Your output should be exactly the lines from the one containing "Genesis G80 2022 0.2 автомат (гидро), фото 9" through the final line of the following data, please, with no pictures.

=== Material provided ===
[Start of section]

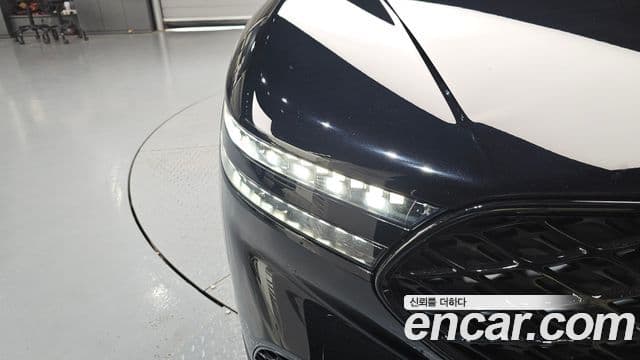 Genesis G90 2022 — ფოტო 16/39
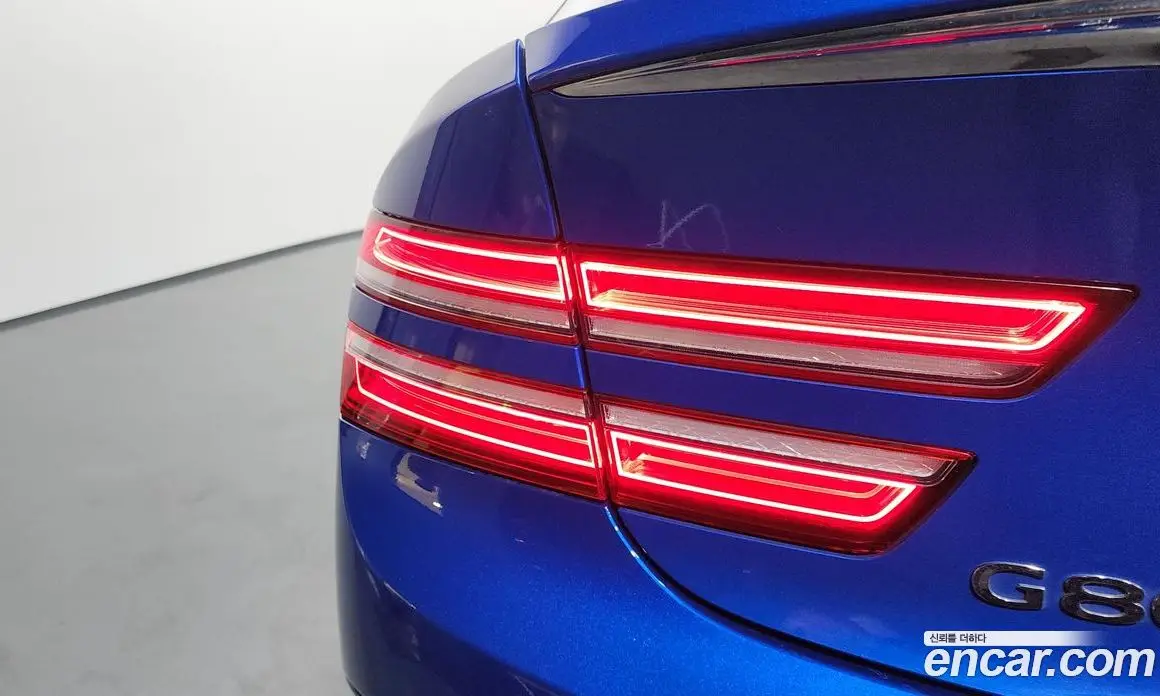 Genesis G80 2022 0.2 автомат (гидро), фото 9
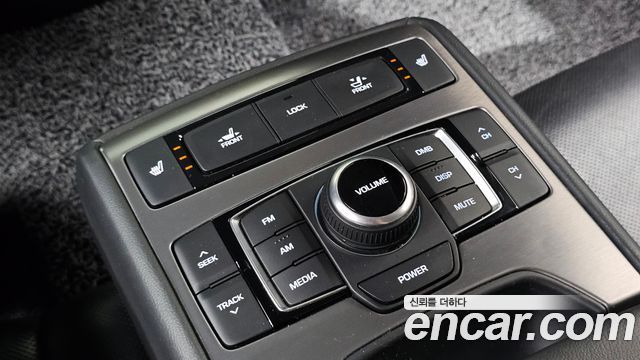 Hyundai Genesis 2016 — photo 25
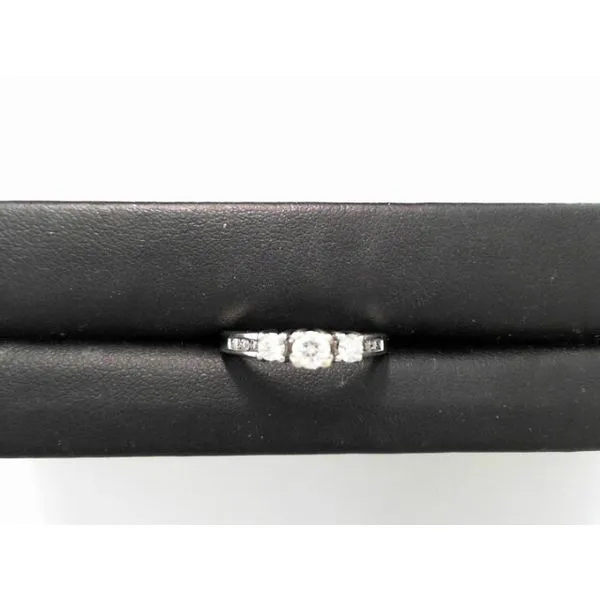 Estate Ring Genesis Jewelry Muscle shoals, AL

[End of section]

=== Task output ===
 Genesis G80 2022 0.2 автомат (гидро), фото 9
 Hyundai Genesis 2016 — photo 25
 Estate Ring Genesis Jewelry Muscle shoals, AL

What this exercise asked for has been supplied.